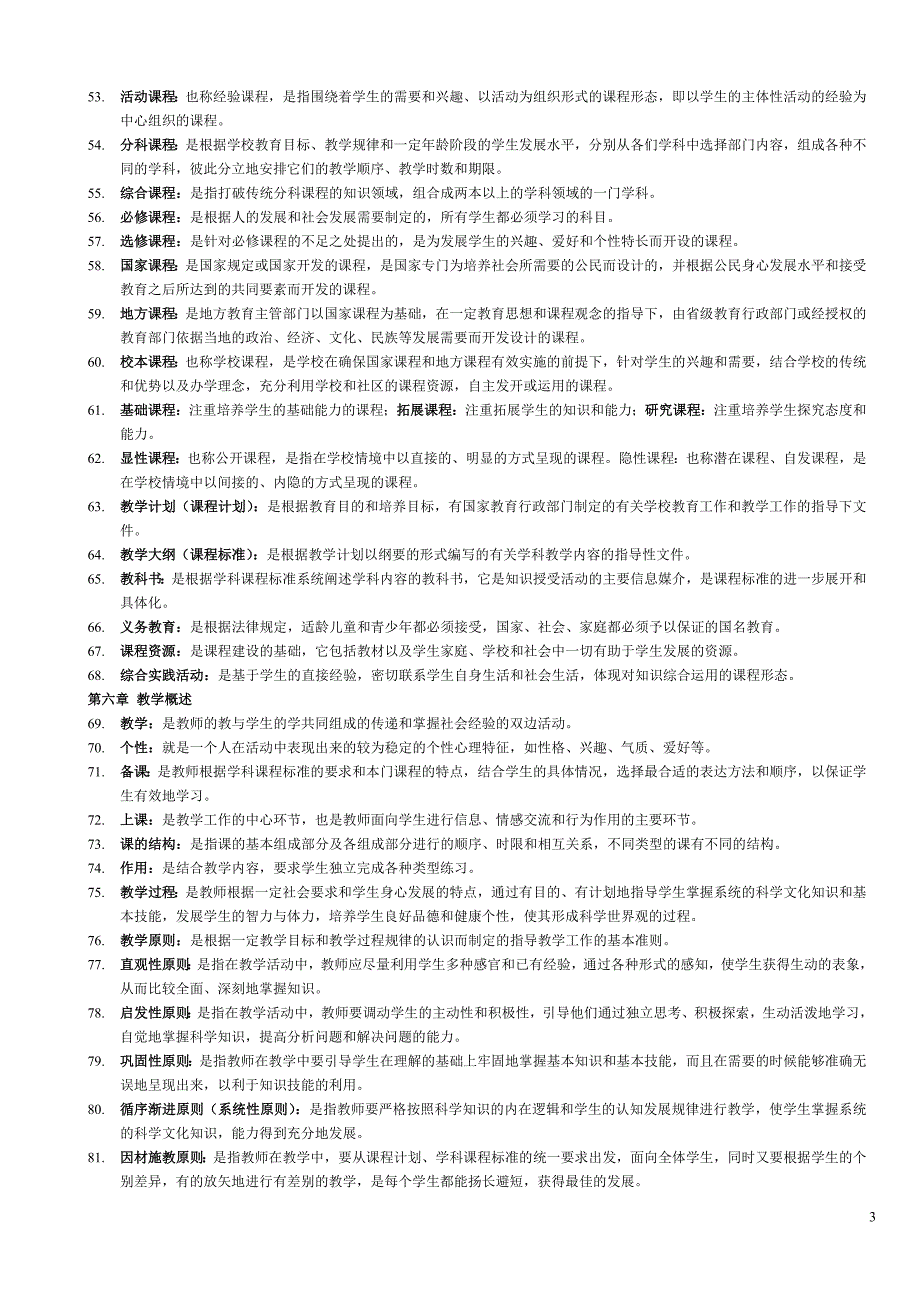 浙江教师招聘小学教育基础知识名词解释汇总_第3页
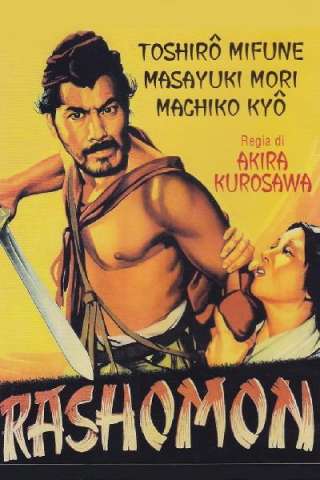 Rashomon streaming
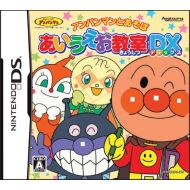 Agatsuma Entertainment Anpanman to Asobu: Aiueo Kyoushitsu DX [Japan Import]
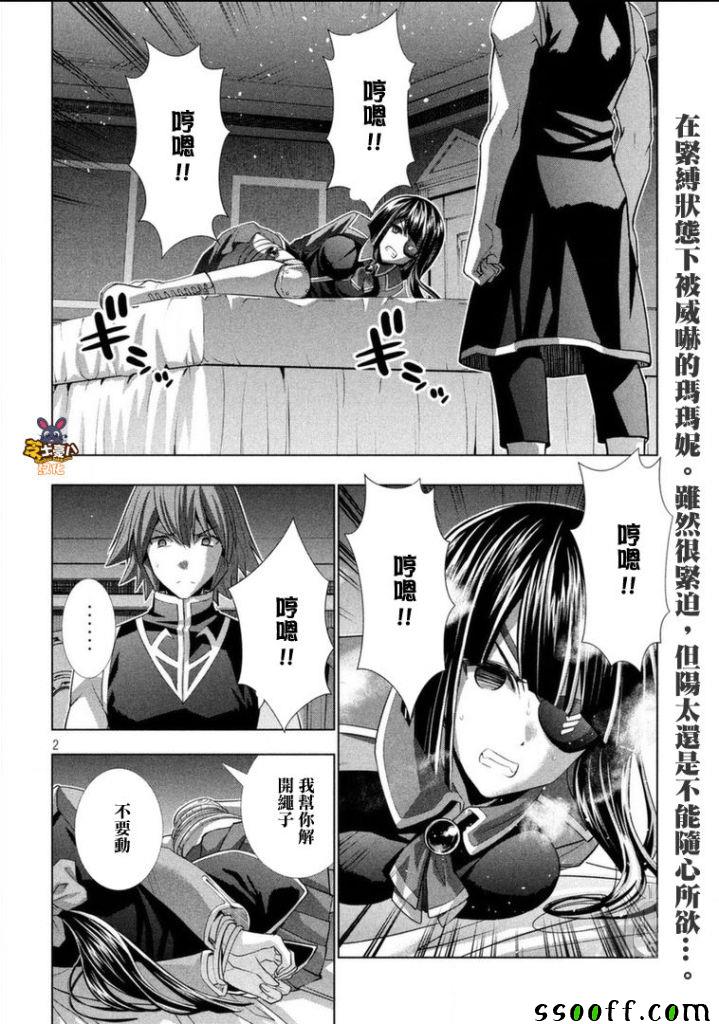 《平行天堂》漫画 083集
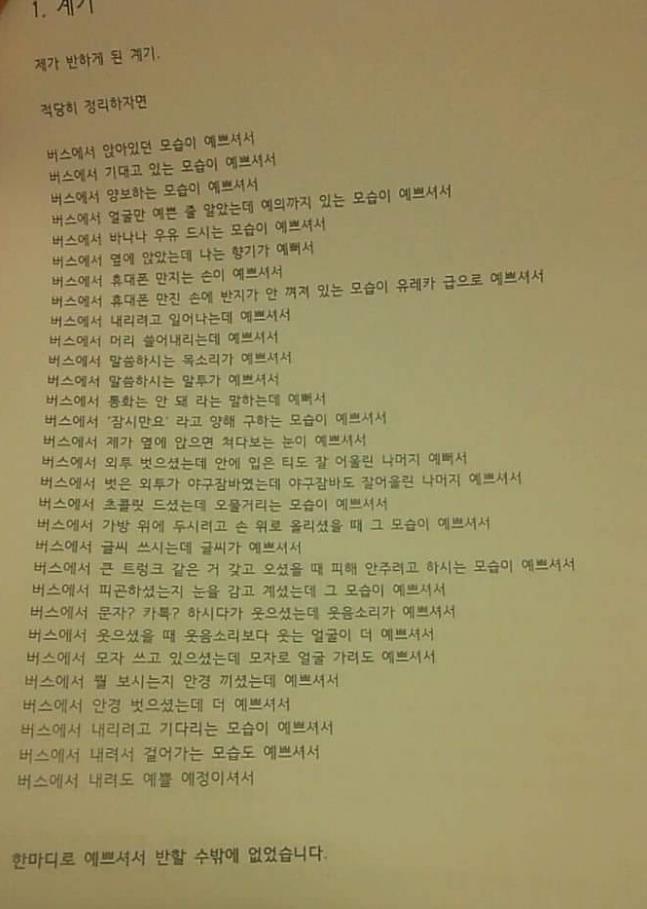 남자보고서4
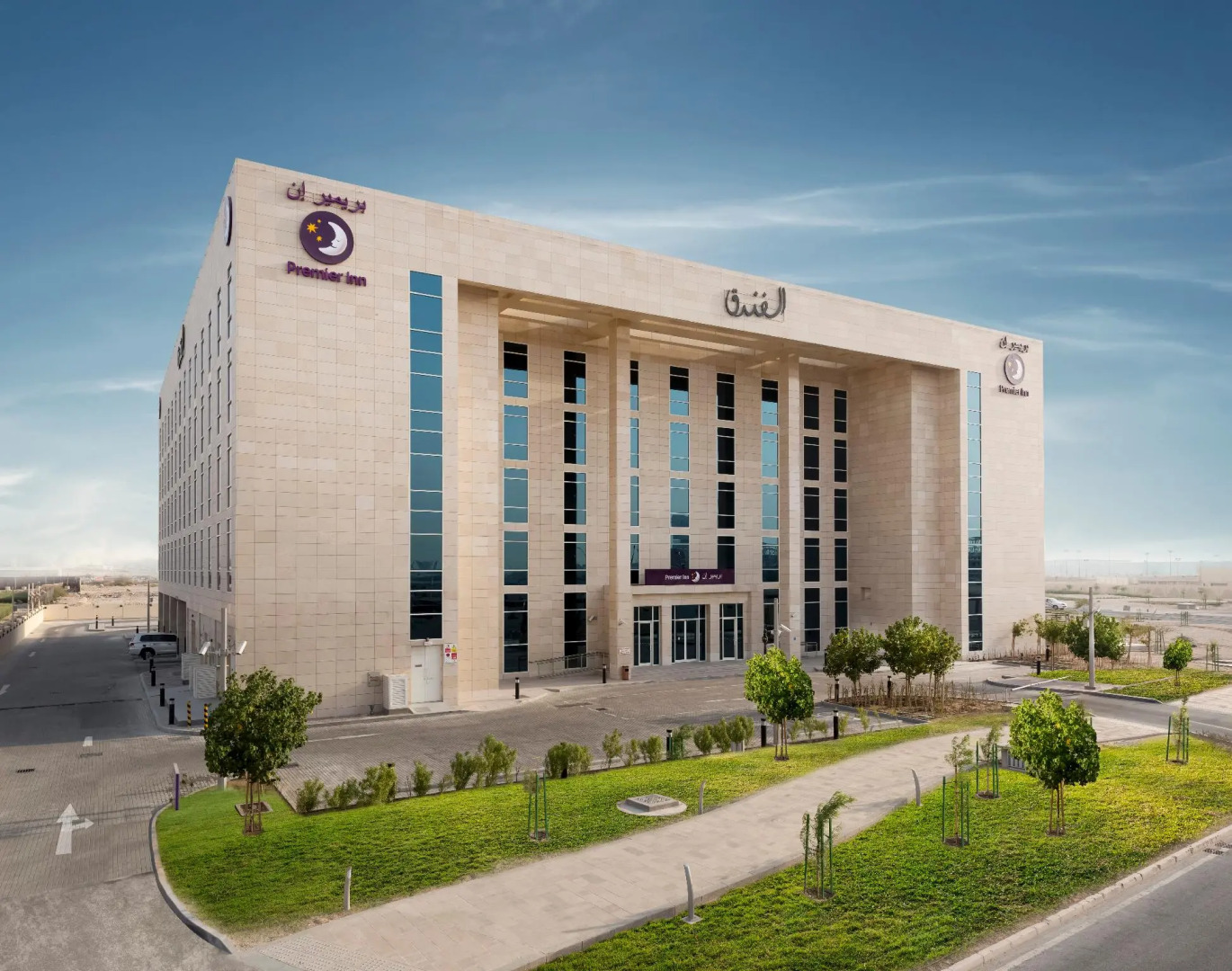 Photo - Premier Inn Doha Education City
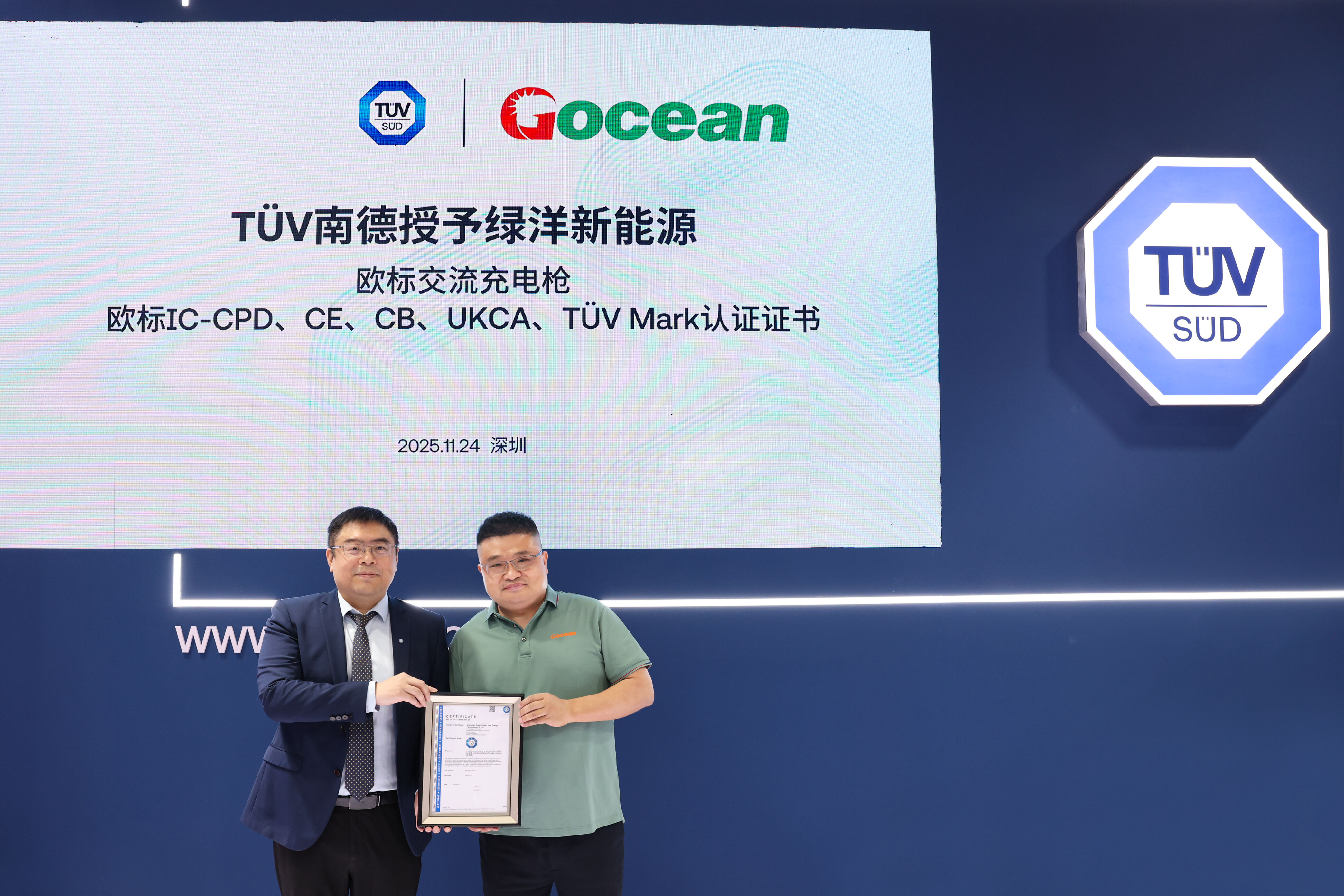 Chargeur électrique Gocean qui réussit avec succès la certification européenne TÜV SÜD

════

§ What the task asks
Would you return the data exactly as written, without the pictures?

§ Expected answer
 浙江教师招聘小学教育基础知识名词解释汇总_第3页
 Rashomon streaming
 Agatsuma Entertainment Anpanman to Asobu: Aiueo Kyoushitsu DX [Japan Import]
 《平行天堂》漫画 083集
 남자보고서4
 Photo - Premier Inn Doha Education City
 Chargeur électrique Gocean qui réussit avec succès la certification européenne TÜV SÜD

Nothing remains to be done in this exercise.